Segment Start: Data

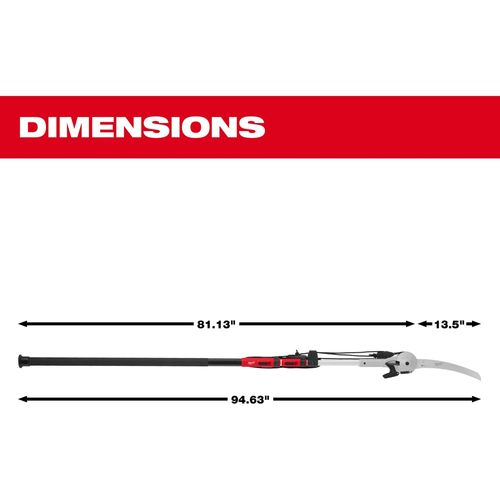 Main product image of 16' Pole Saw & Pruner, 48-22-9375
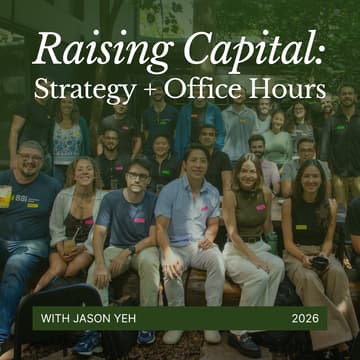 Cover Image for Raising Capital: Strategy + Office Hours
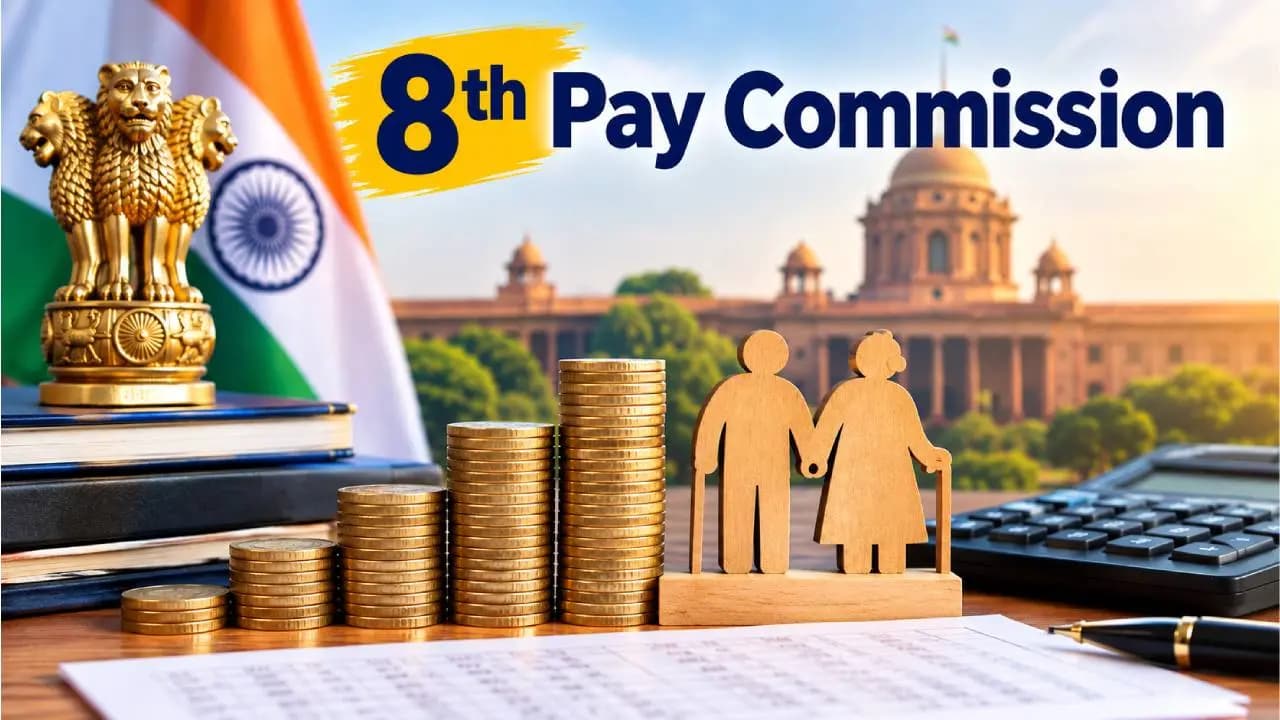 8th Pay Commission: Union Demands 69000 Minimum Basic Pay, 34470 Pension 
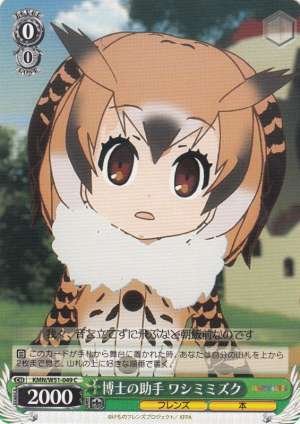 Eurasian Eagle Owl, Professor's Assistant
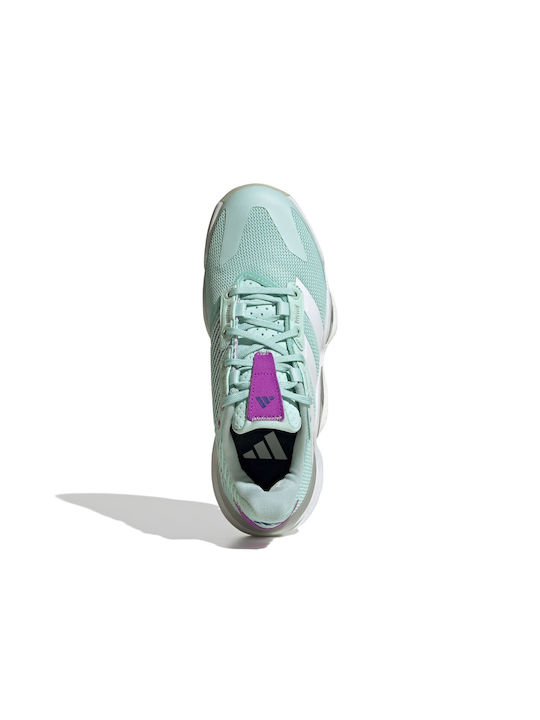 Stabil 16 Sport Shoes Volleyball Turquoise-white-purple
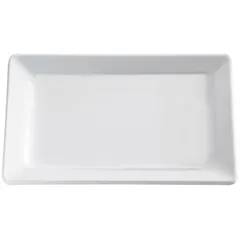 Buffet tray plastic ,H=20,L=530,B=325mm white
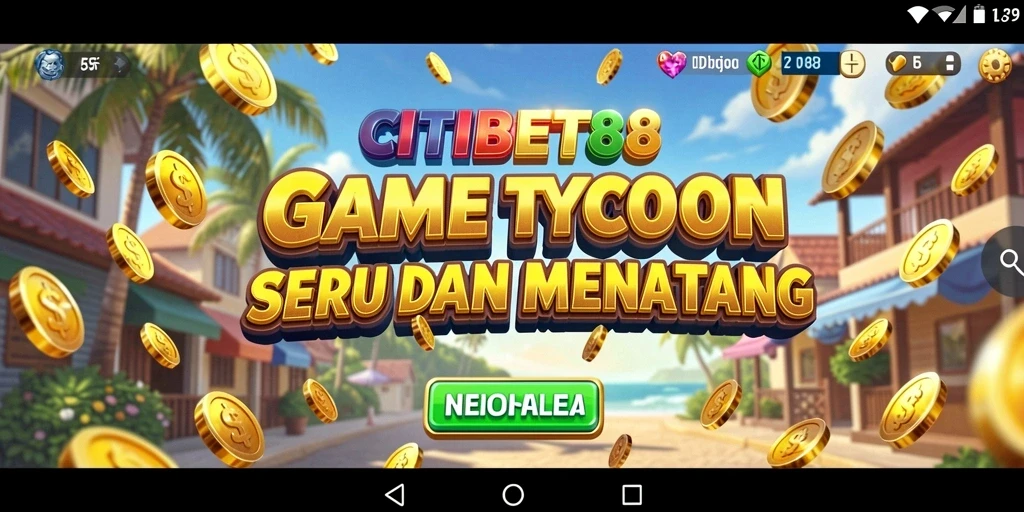 Gameplay <strong>CITIBET88</strong> menampilkan strategi bisnis yang menarik.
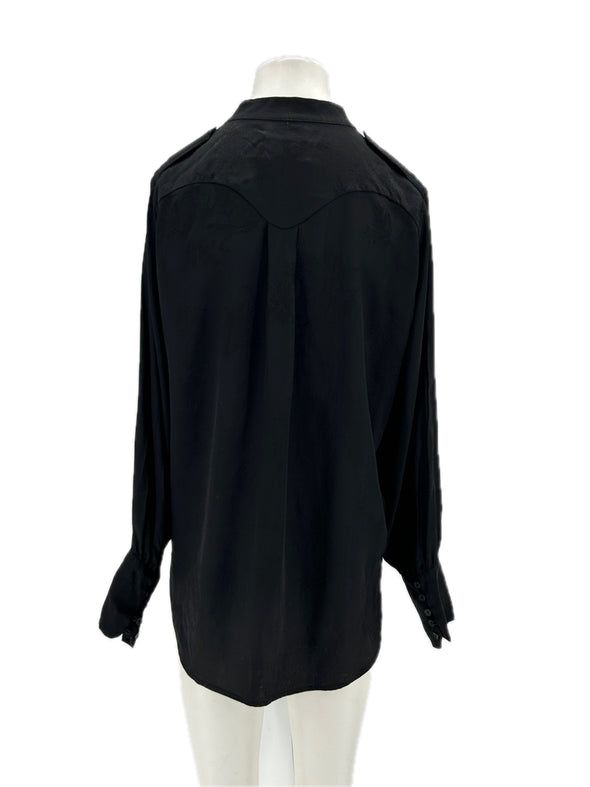 Blouse en soie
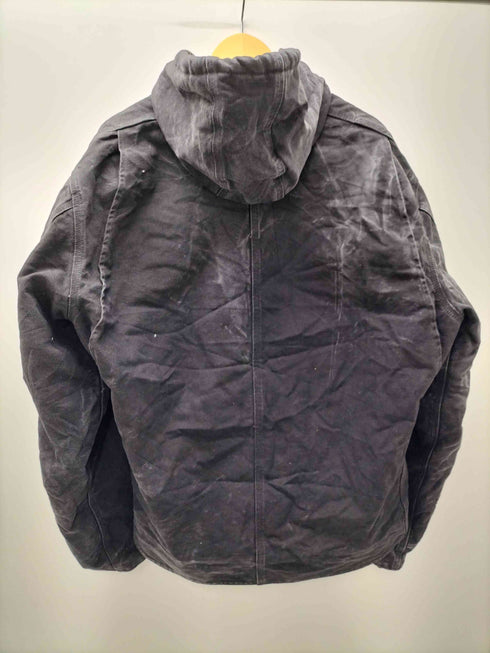 カーハート Carhartt 2009年製 00S Sierra Jacket シエラ ジャケット ダック地 ジップアップ フーデッド ジャケット 裏地ボア メンズ import:XL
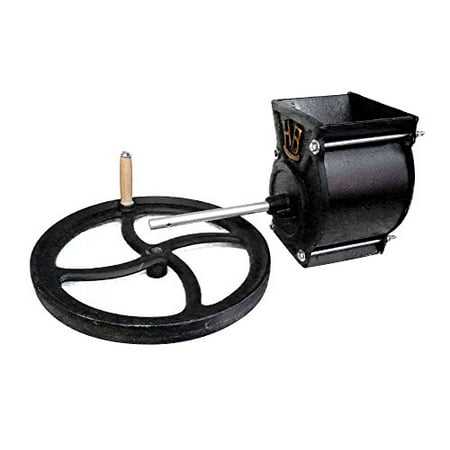 Apple Eater Grinder with 18-pound Flywheel & Mounting Brackets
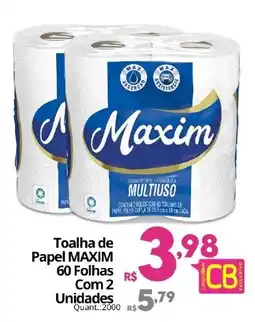 Althoff Supermercados Toalha de Papel Maxim oferta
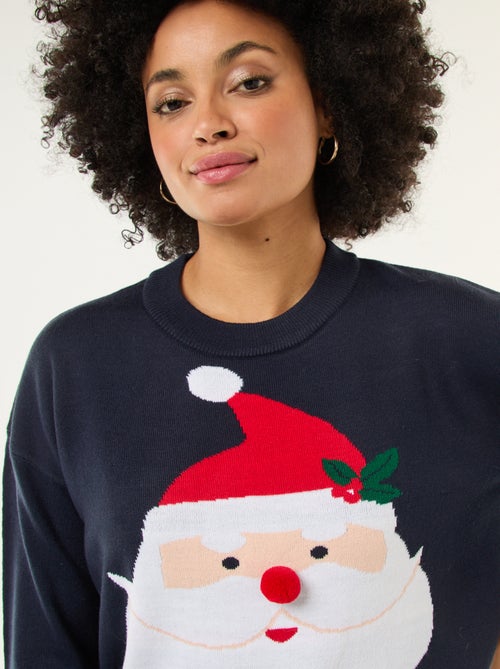 Jersey navideño estampado - Kiabi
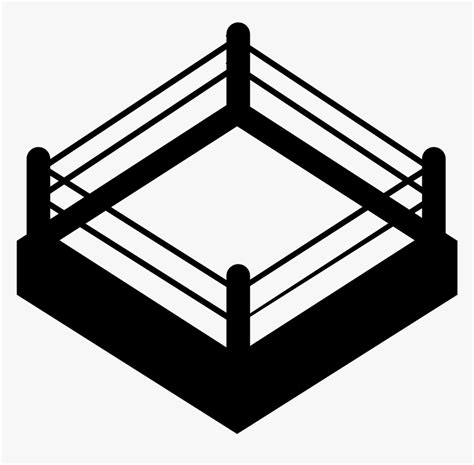 Boxing Vector Ring Wrestling Ring Png Transparent Png Transparent Png Image PNGitem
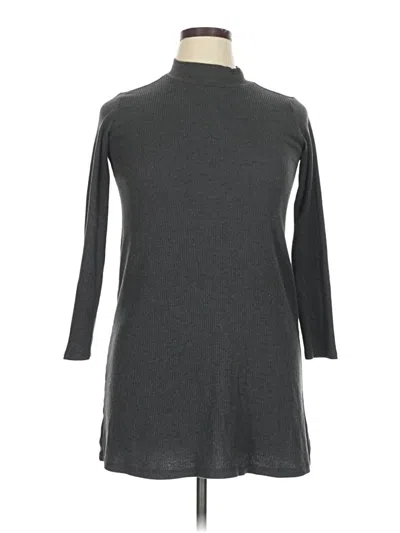 Pre-owned Old Navy Turtleneck Sweater In Gray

Segment End: Data

● Work instruction
Set down all of the entries exactly as they stand, without any image.

● Response to this task
 Main product image of 16' Pole Saw & Pruner, 48-22-9375
 Cover Image for Raising Capital: Strategy + Office Hours
 8th Pay Commission: Union Demands 69000 Minimum Basic Pay, 34470 Pension 
 Eurasian Eagle Owl, Professor's Assistant
 Stabil 16 Sport Shoes Volleyball Turquoise-white-purple
 Buffet tray plastic ,H=20,L=530,B=325mm white
 Gameplay <strong>CITIBET88</strong> menampilkan strategi bisnis yang menarik.
 Blouse en soie
 カーハート Carhartt 2009年製 00S Sierra Jacket シエラ ジャケット ダック地 ジップアップ フーデッド ジャケット 裏地ボア メンズ import:XL
 Apple Eater Grinder with 18-pound Flywheel & Mounting Brackets
 Althoff Supermercados Toalha de Papel Maxim oferta
 Jersey navideño estampado - Kiabi
 Boxing Vector Ring Wrestling Ring Png Transparent Png Transparent Png Image PNGitem
 Pre-owned Old Navy Turtleneck Sweater In Gray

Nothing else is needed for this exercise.